Using the records below, output the stretch that opens with the line containing "3M Clearcoat Disc" and closes with the line containing "Vintage clock face", exactly and including both lines, with nothing more.

Source data -
_____

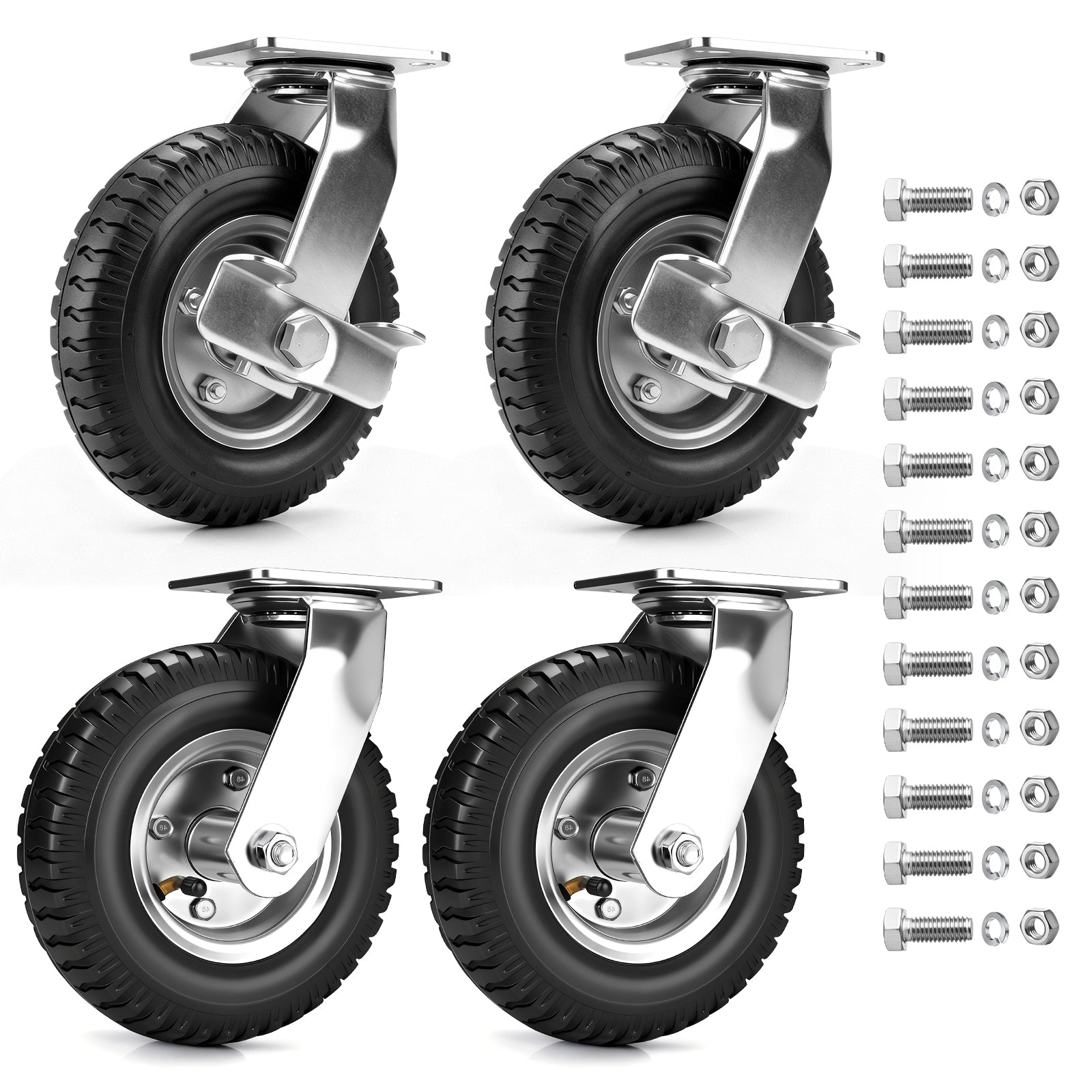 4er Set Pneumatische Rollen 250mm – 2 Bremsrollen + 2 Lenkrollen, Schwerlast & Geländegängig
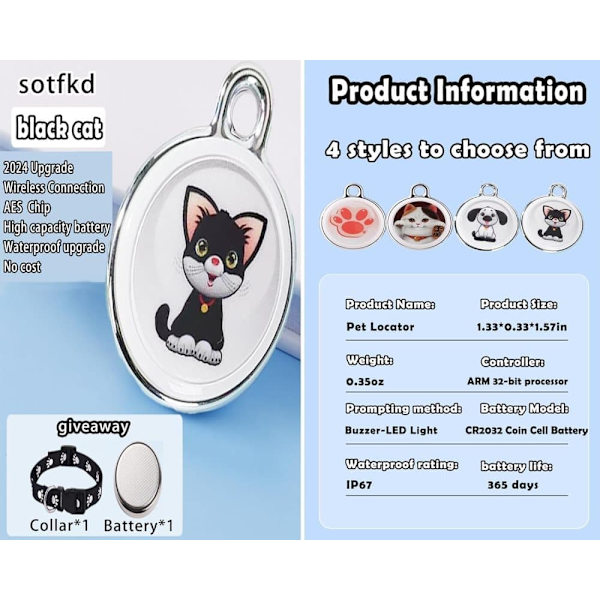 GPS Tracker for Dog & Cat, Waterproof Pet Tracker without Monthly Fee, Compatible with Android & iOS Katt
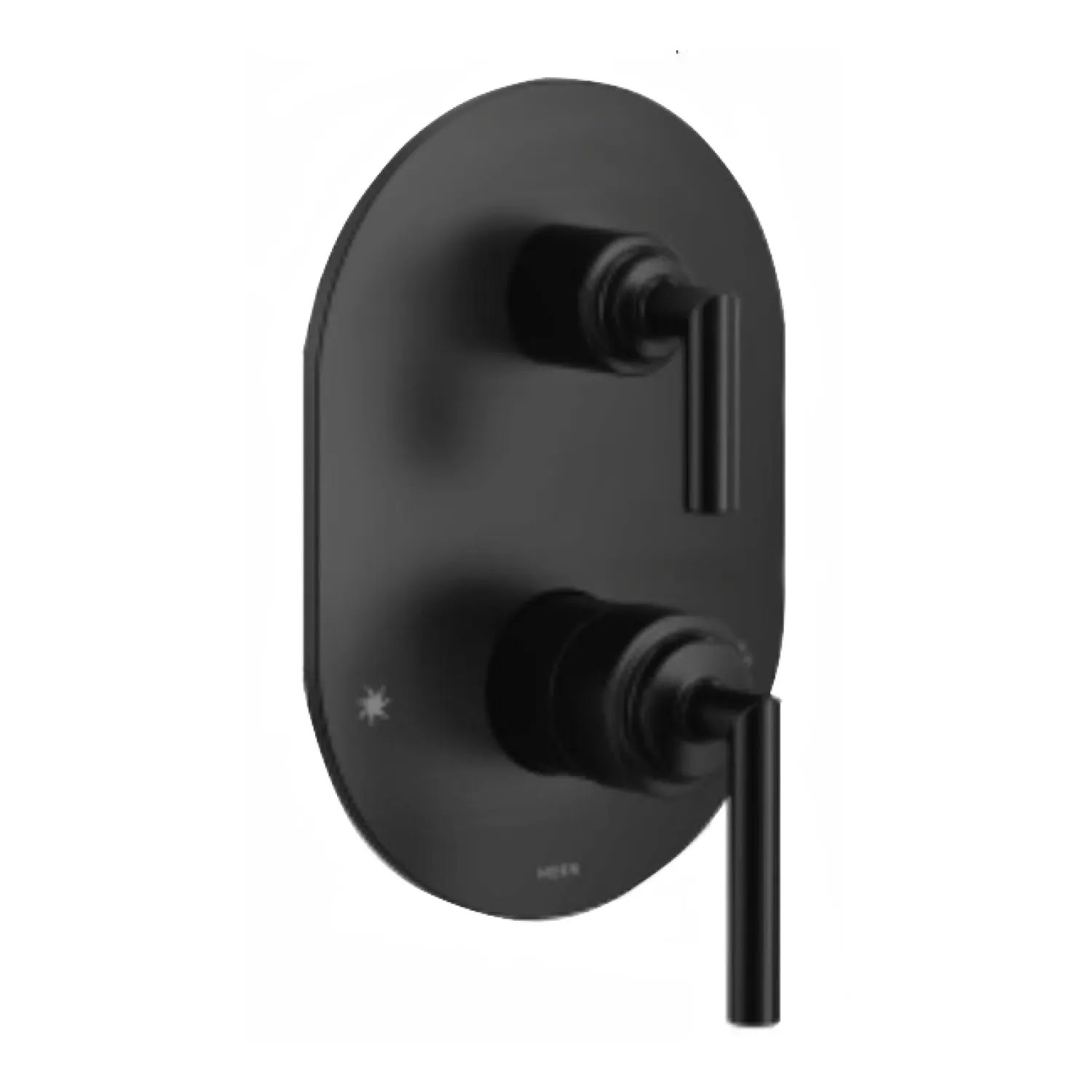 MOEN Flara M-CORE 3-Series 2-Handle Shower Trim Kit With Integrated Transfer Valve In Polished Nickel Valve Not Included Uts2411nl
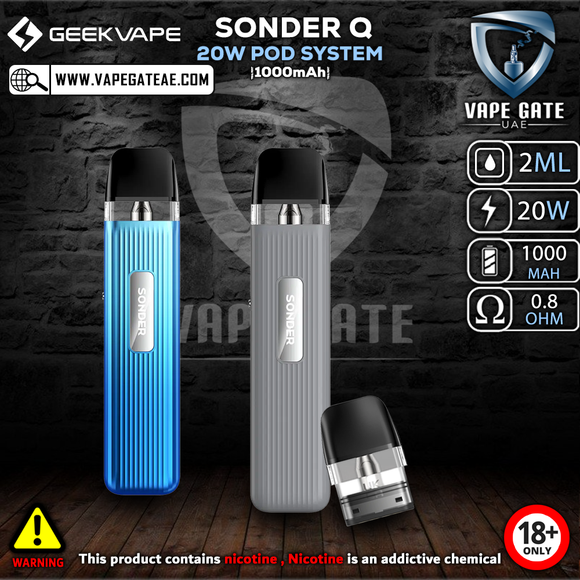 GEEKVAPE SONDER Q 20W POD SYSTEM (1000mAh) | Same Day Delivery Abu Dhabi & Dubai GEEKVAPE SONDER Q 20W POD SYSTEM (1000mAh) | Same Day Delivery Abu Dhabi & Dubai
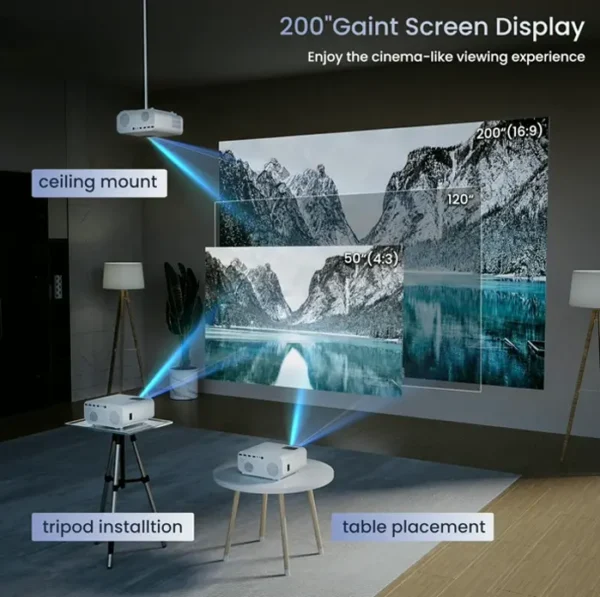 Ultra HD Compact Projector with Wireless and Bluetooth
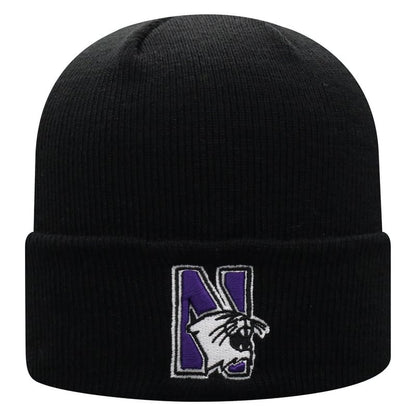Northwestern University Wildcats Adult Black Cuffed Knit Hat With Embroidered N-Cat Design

_____

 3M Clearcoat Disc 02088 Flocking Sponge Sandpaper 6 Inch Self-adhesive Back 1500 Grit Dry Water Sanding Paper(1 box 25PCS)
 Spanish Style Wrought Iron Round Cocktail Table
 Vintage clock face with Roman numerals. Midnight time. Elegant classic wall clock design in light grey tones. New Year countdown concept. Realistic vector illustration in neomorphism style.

_____

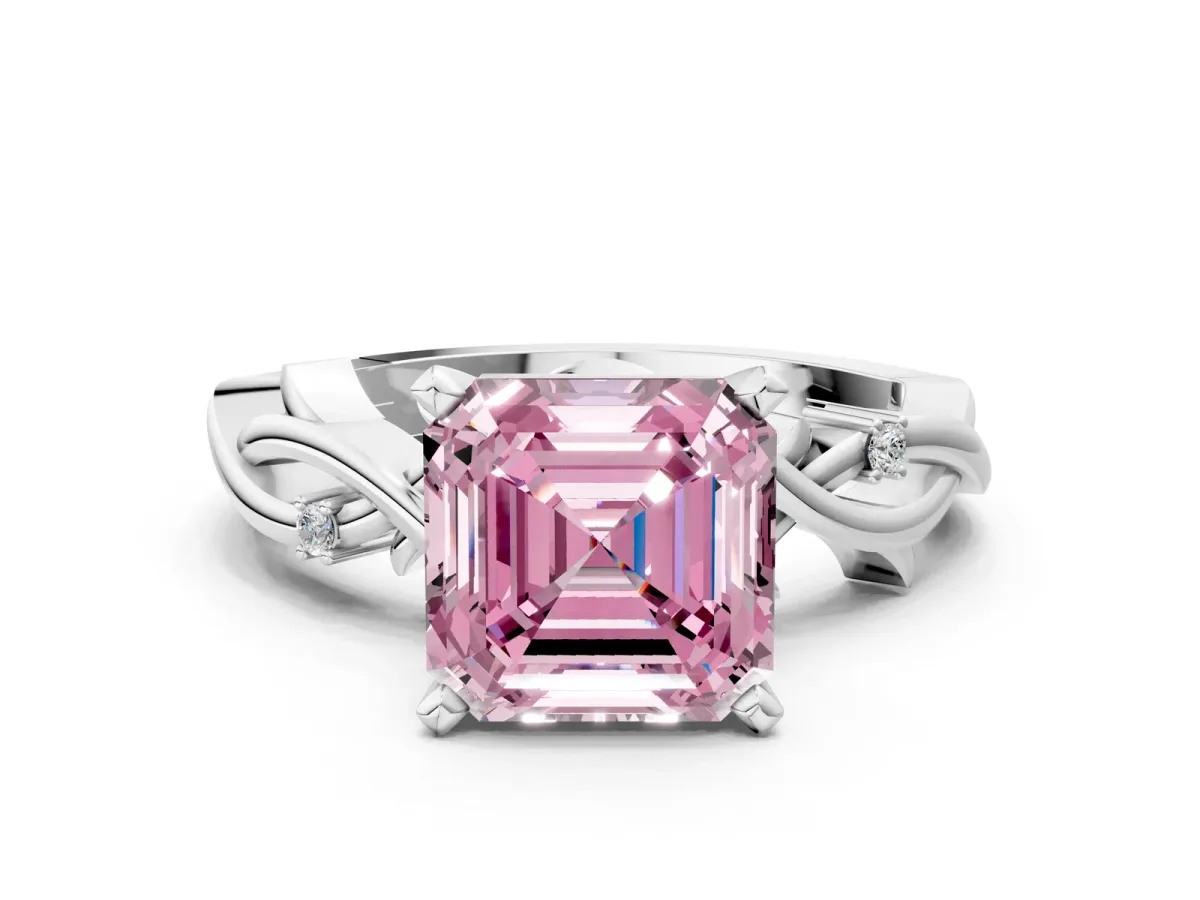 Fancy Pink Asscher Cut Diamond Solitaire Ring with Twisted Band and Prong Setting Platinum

_____

Problem solution -
 3M Clearcoat Disc 02088 Flocking Sponge Sandpaper 6 Inch Self-adhesive Back 1500 Grit Dry Water Sanding Paper(1 box 25PCS)
 Spanish Style Wrought Iron Round Cocktail Table
 Vintage clock face with Roman numerals. Midnight time. Elegant classic wall clock design in light grey tones. New Year countdown concept. Realistic vector illustration in neomorphism style.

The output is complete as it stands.